Plans call for a new radiation detection test site deep in the Nevada desert, more detectors at the nation's seaports and border crossings and a 70% budget increase for Homeland Security's Domestic Nuclear Detection Office (DNDO).
The initiative comes amid chilling threats made last month by al-Qaeda leader Osama bin Laden — and some say it can't come too soon.
"Al-Qaeda used vans in 1993 (to bomb the World Trade Center) and planes in 2001," says former 9/11 commissioner Tim Roemer. "It could be some kind of catastrophic attack next time."
The public has not been alerted to intelligence suggesting terrorists have the materials or are preparing to detonate a device that could cause chaos — or far worse — in a major American city. But the possibility worries the government.
"We have to move aggressively, or the consequences are going to be dire," says Rep. Jim Langevin of Rhode Island, the top Democrat on a House subcommittee on nuclear attack prevention.
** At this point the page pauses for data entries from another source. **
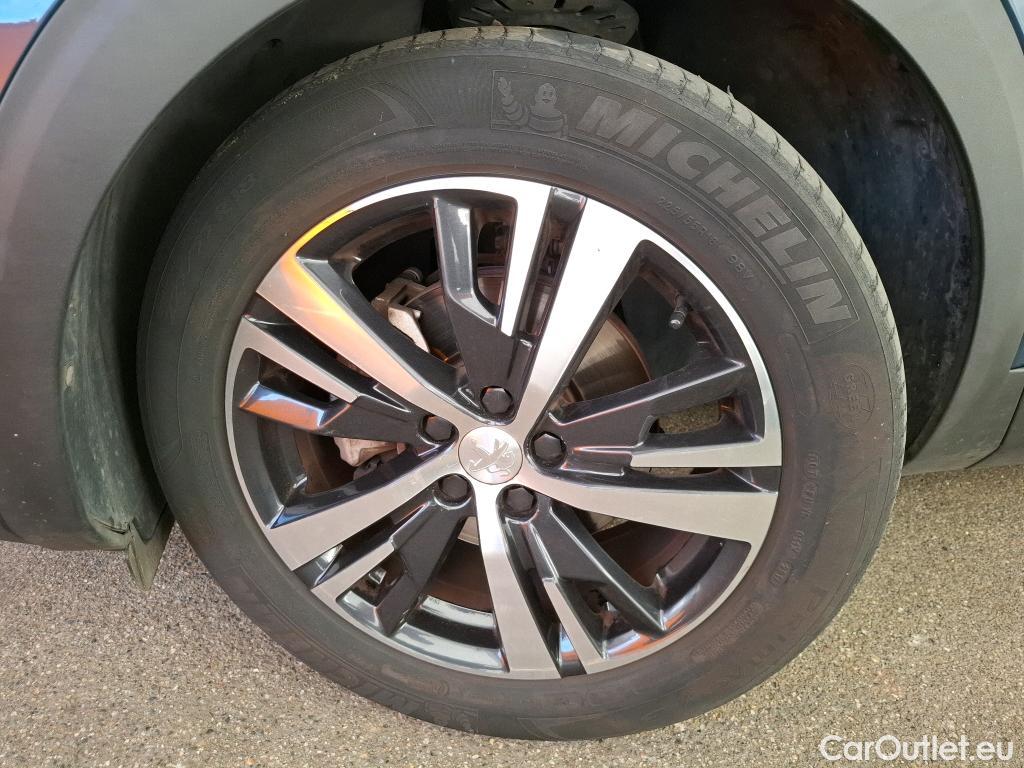  Peugeot  5008  Allure Pack 1.5 HDi 130CV BVA8 7 Sieges E6d #13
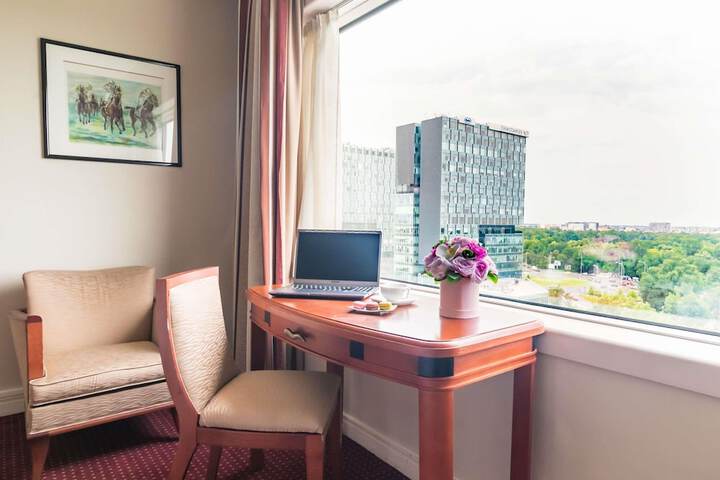 Room 27 of 263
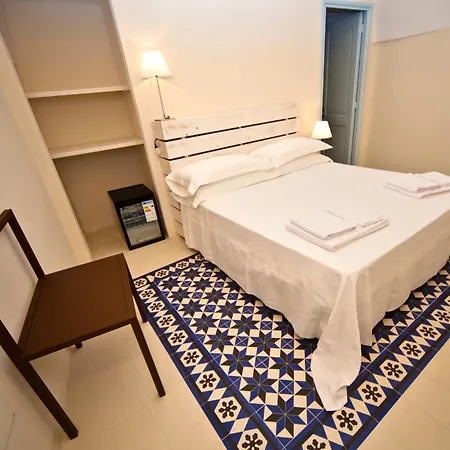 Bed & Breakfast Palazzo Del Capitolo - By I Bastioni San Domenico 4*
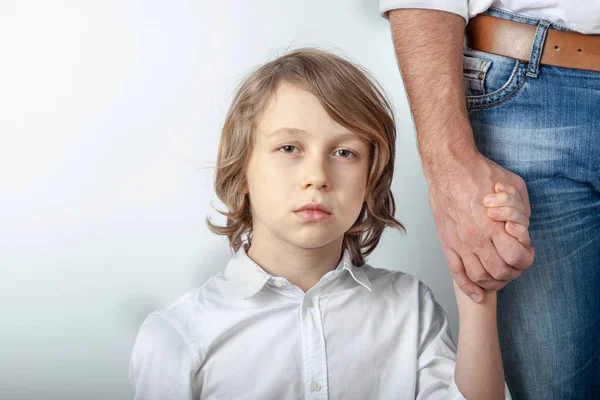 Niño sosteniendo padre de la mano — Foto de Stock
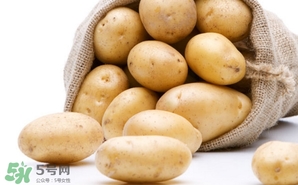 芭蕉能和土豆一起吃嗎？土豆可以和芭蕉一起吃嗎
In his fiscal 2007 budget, President Bush is seeking $535.7 million for the DNDO, which is responsible for preventing radiological or nuclear weapons from getting into the country. That includes $178 million for new radiation detectors and $100 million for the development of equipment used by agents along the nation's borders and at events such as presidential inaugurations and Super Bowl games.
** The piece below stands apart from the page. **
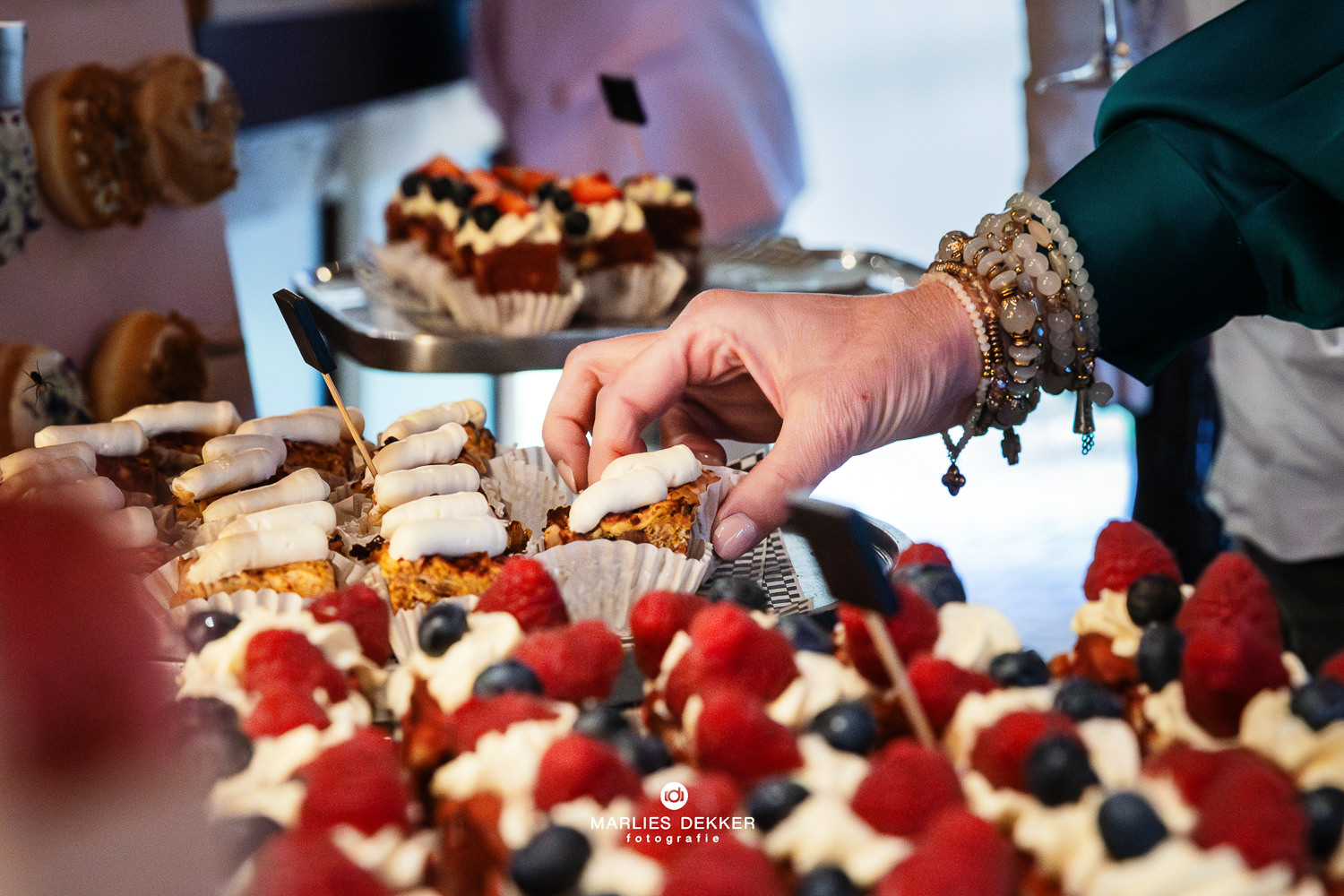 Trouwen land van belofte Moerkapelle, sweet table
To test that equipment, Homeland Security is working at the storied Nevada Test Site, where the U.S. government tested nuclear weapons for more than four decades. Near a cratered area where mushroom clouds once rose, construction is underway on an 11-acre site where scientists will test weapons needed for this generation's war on terrorism.
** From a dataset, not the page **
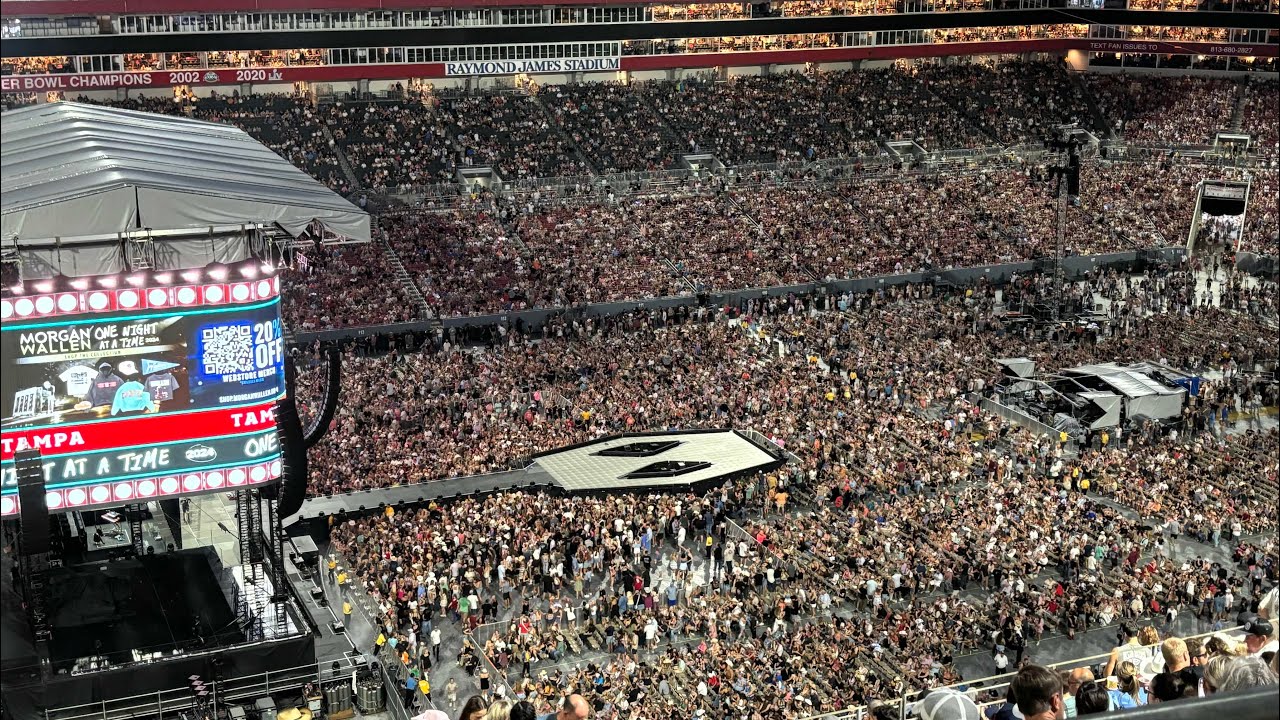 Morgan Wallen Tampa 2024 Concert, Raymond James Stadium Pirate Ship ...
"We've gone from the offense to the defense," says DNDO chief Vayl Oxford.
Workers are building a mock border crossing so testing trucks can drive containers of radioactive materials through radiation portal monitors. Agents at the $33 million site also will test modern versions of Geiger counters.
While the new site is being built, scientists have started work just downhill from a highly secured 100,000-square-foot steel and concrete bunker where the government stores its nuclear weapons material.
There, Oxford's chief test scientist, Dan Blumenthal, holds a shoebox-sized radiation detector against the side of a huge metal cargo container and waits a couple of minutes for it to tell him what he already knows: that there's plutonium-239 inside, potentially the makings for a nuclear bomb.
But nothing comes up on the device's small screen. And that's proof of what federal agents at the nation's seaports and border crossings know: Many of the mobile radiation detectors they use work only about 50% of the time.
Blumenthal's team is testing 30 mobile detectors against the metal sides of a half-dozen cargo containers. Some are loaded with weapons-grade material; others contain cat litter, ceramic tiles and other goods that set off detectors because they contain naturally occurring radioactive materials.
"This is the first time the government's been able to do high-fidelity testing" using actual bombmaking materials, such as plutonium and highly enriched uranium, Oxford says.
As tests are finished over the next several years, Oxford's team will use the results to retrofit existing equipment that doesn't work very well, to buy new equipment for federal agents and to write what Oxford calls a "Consumer Reports-style" guide so that state and local officials will know what to buy — and what not to buy — with federal grant money.
Oxford calls their work "a big leap forward." Among their efforts:
• Determining where radiation detectors should be set up worldwide.
• Making plans to better secure the nation's cities, perhaps through random highway stops — such as drunken driving or seatbelt checks — where officers would check cars with hand-held detectors or check trucks at weigh stations, something now done in just 11 states.
• Creating surge capacity so that if intelligence indicated a particular threat, the government could quickly put detection equipment in subway stations, at airports or wherever it was needed.